Now you are ready to implement the algorithm! In the following we define a class `PolicyNetwork` to be 2-layer ReLU network. Recall that the (variance reduced) gradient estimate in `REINFORCE` can be defined by
$$ \sum_{h\geq 0} \nabla_\theta\log \pi_\theta(A_h|S_h) \cdot \sum_{t\geq h}\gamma^{t-h} r(S_t, A_t).  $$

 You have the freedom to modify the network architecture and the training procedure of the neural network, but make sure that it takes the state as input, and outputs a distrubution for the actions! Once it is implemented and trained, plot the cumulative reward with error bar.

In [None]:
import torch
import torch.nn as nn
import torch.optim as optim
from torch.distributions import Categorical

# Define the policy network
class PolicyNetwork(nn.Module):
    def __init__(self, input_size, hidden_size, output_size):
        super(PolicyNetwork, self).__init__()

        self.fc1 = nn.Linear(input_size, hidden_size)
        self.fc2 = nn.Linear(hidden_size, output_size)

    def forward(self, x):
        x = torch.relu(self.fc1(x))
        x = self.fc2(x)
        return torch.softmax(x, dim=-1)

In [None]:
# Initialize environment and optimizer. Feel free to change!
env = gym.make('CartPole-v1')
input_size = 4
output_size = env.action_space.n
hidden_size = 64


policy_net = PolicyNetwork(input_size, hidden_size, output_size)
optimizer = optim.Adam(policy_net.parameters(), lr=0.001)
# Training hyperparameters. Feel free to change!
num_episodes = 3000
gamma = 0.99

In [None]:
## statistics
episode_ids = []
avg_rewards = []
std_rewards = []


# Training loop
for episode in range(num_episodes):
    episode_rewards = []
    log_probs = []

    state,_ = env.reset()
    done = False

    while not done:
      # Sample action from the policy network. For simplicity we only use single trajectory
      # to update. But feel free to change this into batch learning!
      state_tensor = torch.from_numpy(state).float().unsqueeze(0)
      action_probs = policy_net(state_tensor)
      action_dist = Categorical(action_probs)
      action = action_dist.sample()
      log_prob = action_dist.log_prob(action)
      log_probs.append(log_prob)

      # Take action and observe next state and reward
      next_state, reward, done, _, _ = env.step(action.item())
      episode_rewards.append(reward)
      state = next_state


    # Now use the episode_rewards list, the log_prob list to construct a loss function, on which you can
    # backward propagate and optimize with optimizer.
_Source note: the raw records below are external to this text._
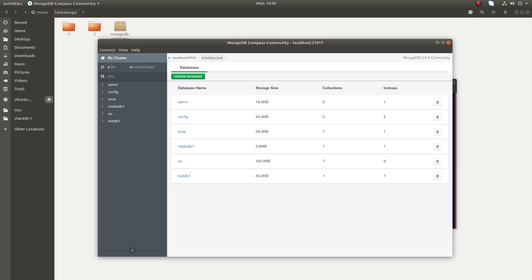Here you can see the total number of databases: six databases and a total of ten collections.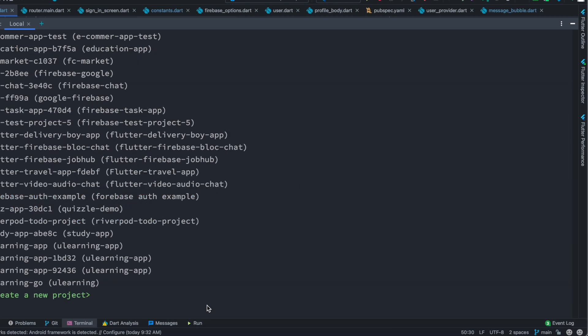now I'm going to go to the top and select our app. This is the app that we have created—I mean, the project.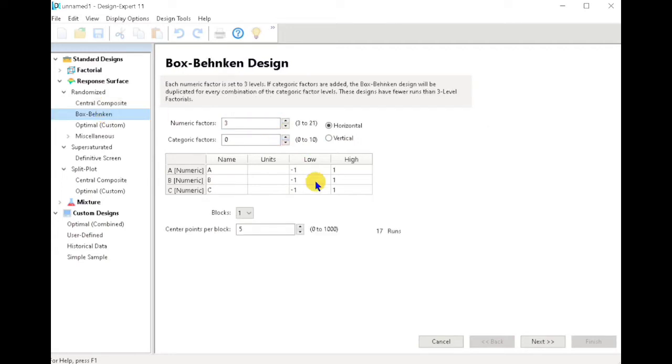Let us proceed to the Box-Behnken Design. Box-Behnken Design has lower runs compared to the Central Composite Design.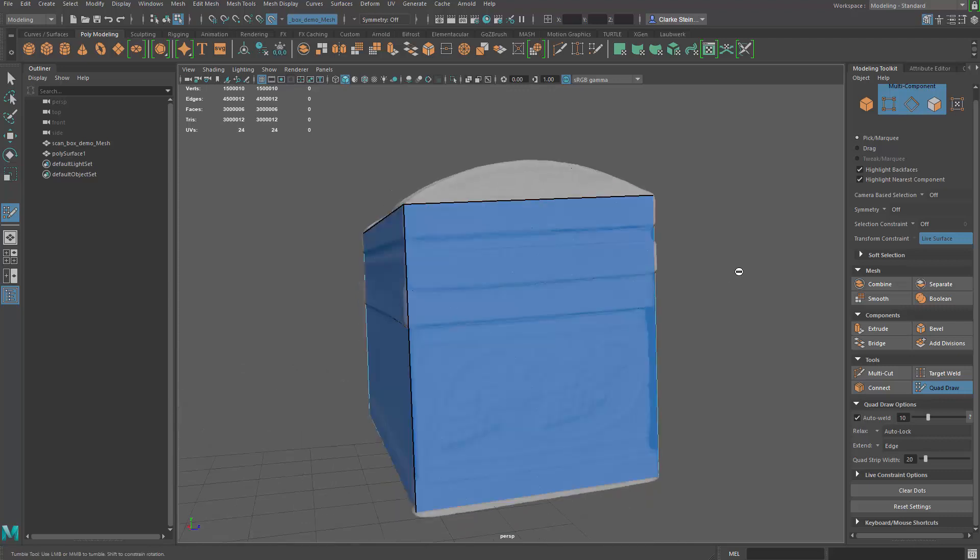So in the next video we're going to add some more detail to this model.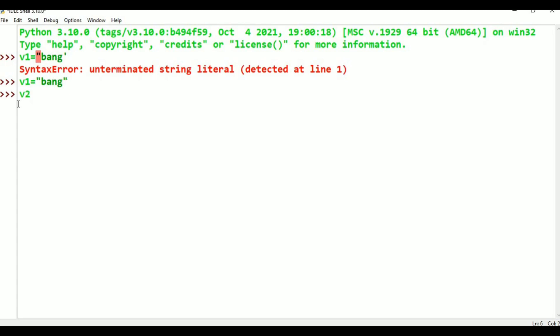V3 water also belongs to Bangalore. Similarly, V3 water belongs to Bangalore, V4 water belongs to Bangalore. V4 water also belongs to Bangalore. In this case, we will look at the IDs. How many references are there? V1, V2, V3, V4 — four references are there. How many objects are there? Only one object, that is Bangalore.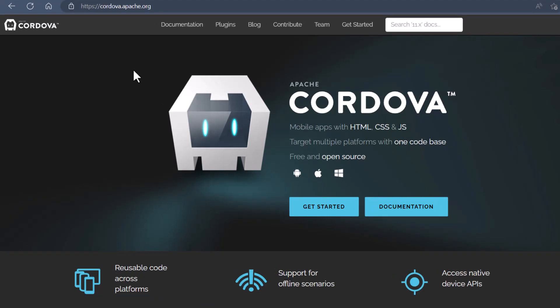The first thing you'll want to do is go to cordova.apache.org, and you'll see it says mobile apps with HTML, CSS, and JavaScript. Target multiple platforms with one code base, free and open source.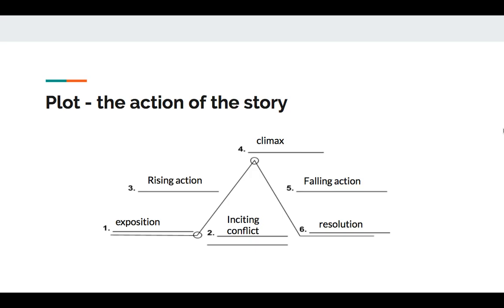Plot is the action of the story. You need conflict for the plot to move forward. Your first line is the exposition — this is where main characters and setting are established. Then you move into your inciting conflict or inciting action. This is the first conflict of the story that sets the whole story in motion. Without this conflict, the story wouldn't happen. Your rising action are the events leading up to your climax, which is the high or turning point of the story. Your falling actions lead to the resolution in which your inciting conflict is resolved.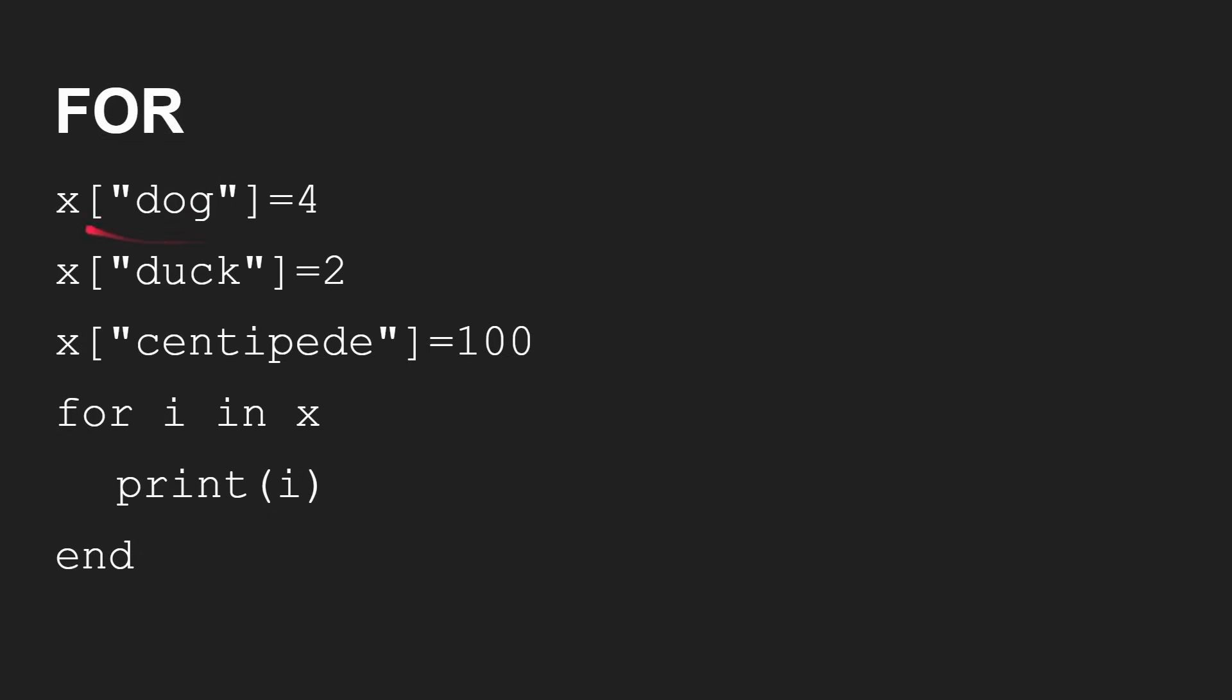Okay, so we've got for loops. X dog, 4, four legs on a dog. X duck, 2, two legs on a duck. X centipede, 100 legs. And now here's the for loop. For i in X, print i.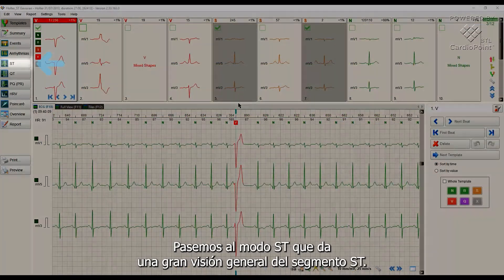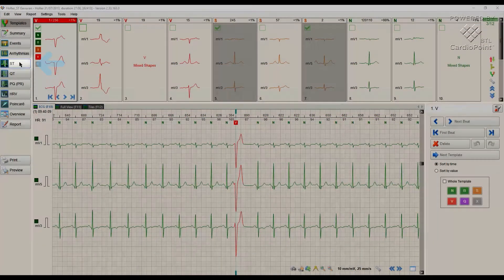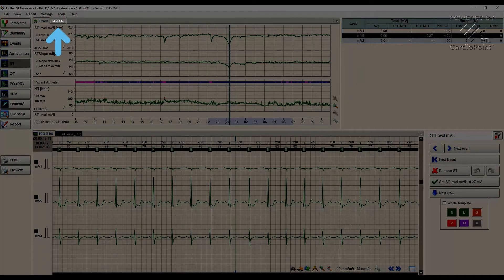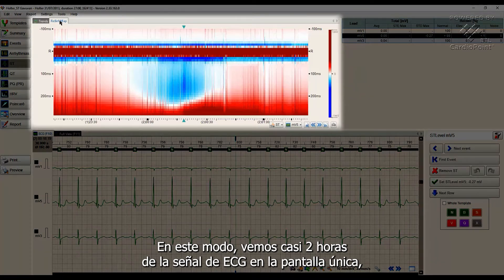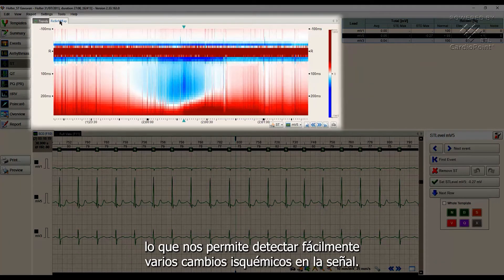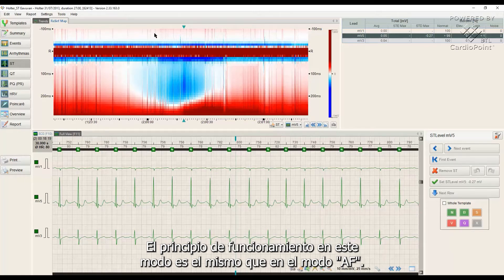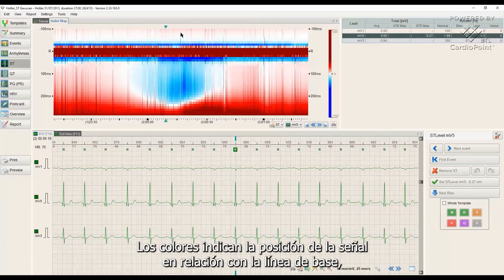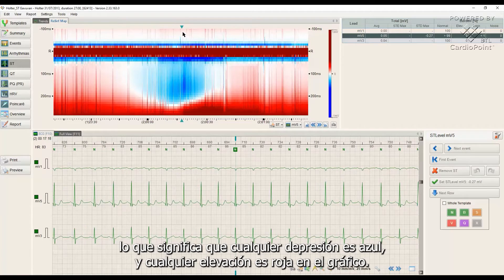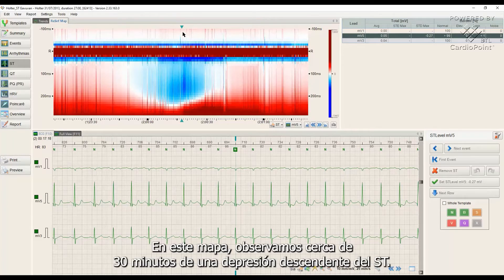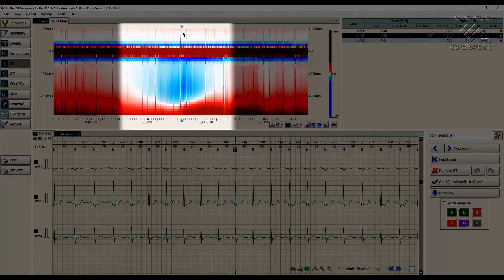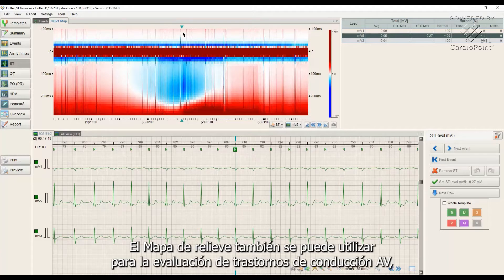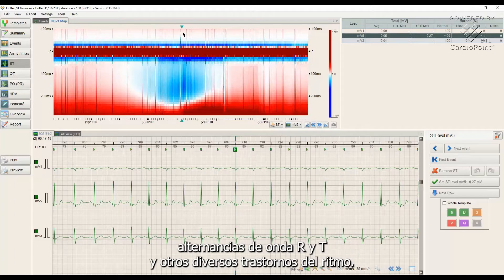Let's move to ST mode, which gives a great overview of the ST segment. In this mode we see almost 2 hours of the ECG signal on a single screen, which allows us to easily detect various ischemic changes in the signal. The principle of operation is the same as in the AF mode. Colour indicates the position of the signal relative to the baseline — any depression is blue and any elevation is red on the graph. In this map we observe about 30 minutes of a descending ST depression. Relief Map can also be used for the assessment of AV conduction disorders, RNT wave alternations, and other various rhythm disorders.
    # First, compute the discounted cumulative reward for every step in the trajectory.
    # G_t = r_t + \gamma r_{t+1} + \gamma^2 r_{t+2} + ...
    # Hint: compute this in backward direction.
    discounted_rewards = []

    ### Q3: discounted rewards, 15 points ###
    ############################
		# YOUR IMPLEMENTATION HERE #

    ############################

    discounted_rewards = torch.tensor(discounted_rewards, dtype=torch.float32)
    optimizer.zero_grad()


    # Compute policy loss and update policy network
    ## note that `log_probs` contains differentiable torch.tensor computed through the policy network
    ## construct a loss using `log_probs` via REINFORCE, and call loss.backward()
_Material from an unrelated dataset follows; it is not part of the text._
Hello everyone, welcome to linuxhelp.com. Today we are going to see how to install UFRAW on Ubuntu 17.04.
    ### Q4: REINFORCE, 15 points ###
    ############################
		# YOUR IMPLEMENTATION HERE #

    ############################

    policy_loss.backward()
    optimizer.step()

    # Record the cumulative reward and its deviation once every 100 episodes
    if (episode + 1) % 100 == 0:
      avg_reward, std_reward = evaluate_neural(env, policy_net)
      print(f'Episode [{episode + 1}/{num_episodes}], Cumulative Reward: {avg_reward}')
      episode_ids.append(episode + 1)
      avg_rewards.append(avg_reward)
      std_rewards.append(std_reward)

In [None]:
from matplotlib import pyplot as plt
# Plot the curve of cumulative reward v.s. number of episodes, with error bar

plt.errorbar(episode_ids, avg_rewards, std_rewards, label='REINFORCE')
plt.xlabel("Num Episode")
plt.ylabel("Cumulative Rewards")
plt.legend()

## optimal policy should reach near 500 of cumulative rewards.